I believe this may be a duplicate award - that is an award that then has the serial number applied to presumably replace a previous award.
With these types of duplicates, if there was an existing serial number it was ground down and then the relevant serial number was written by hand or by machine in place.
Or, as I think the case is here, the award was blank so the serial number was written in.
For reference: The History of the Order of the Red Star, by Michael Riley
I believe the serial number would indicate 1952 issue.
Anyone please correct me if I have made an erroneous assumption.
I like the award - these always look good IMO.
I'm assuming it was not too expensive either.
Nick
I don't think this is a duplicate with a grounded off serial number. To me this is a Type 6 variation 10.2 with for this type typical serial # plus makermark and is dated around 1950-1952. These stars usually are quite cheap.

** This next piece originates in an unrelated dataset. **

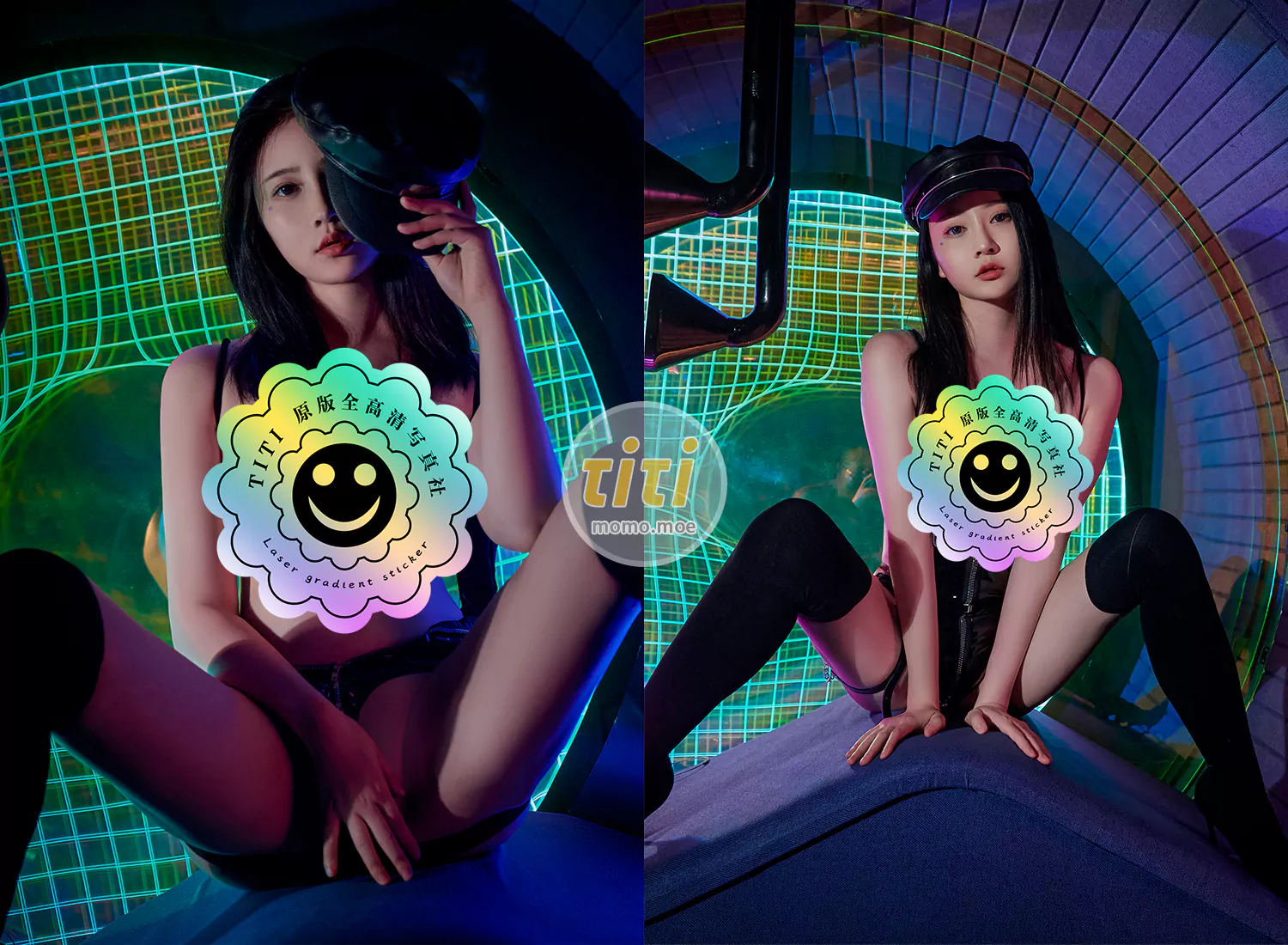 年年 - 涩涩女警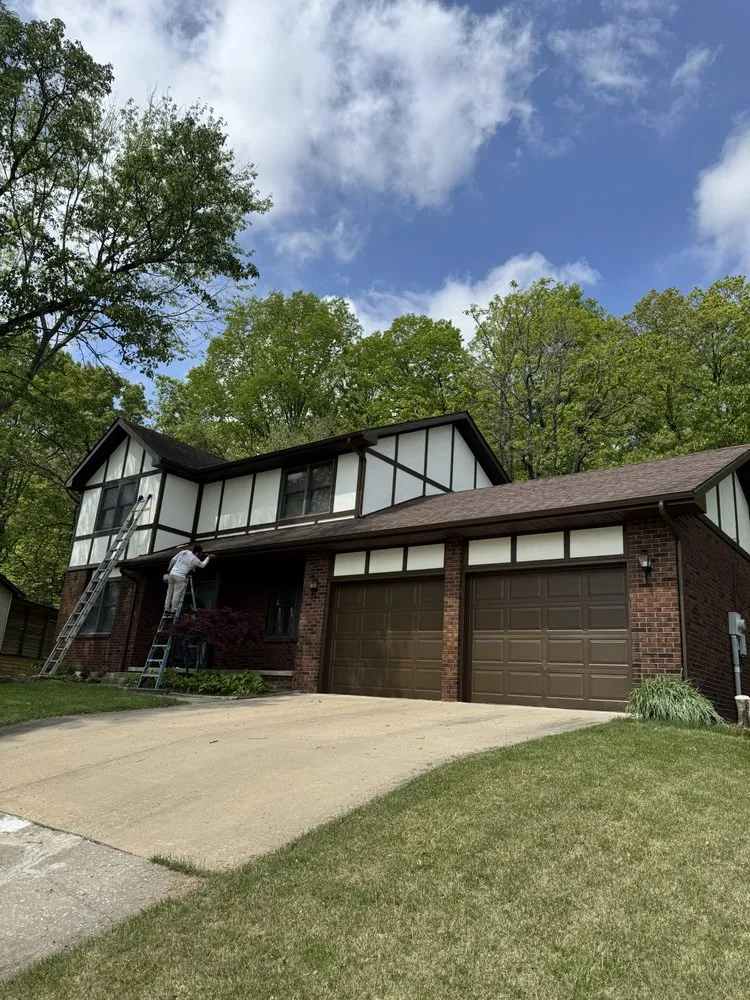 Slide of Sherick’s Painting & Roofing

See: http://www.odysseus1.freeyellow.com/odysseus/rs.htm
Thank you Marcel - that is an excellent reference site.
I agree that this award does not look like it has had a serial number removed which was one thing I was somewhat confused about.
I think you are right on the money with the type.
Jose - As a comparison, my 1944 Red Star was £65. So this should be less money.
Nick
Yeah, these go for around $ 30, depending of course where you buy. In eastern Europe you could pay even less and in the US you can easily pay double.
Thank you all for the Help and the useful links you guys gave me!
Thank god I didn't really buy it for the price the seller was offering.
Now I wonder what his asking price was. Do you mind telling us?
The price he was offering was 51 British pounds (250 plns).
For the same price you have a nice wartime one.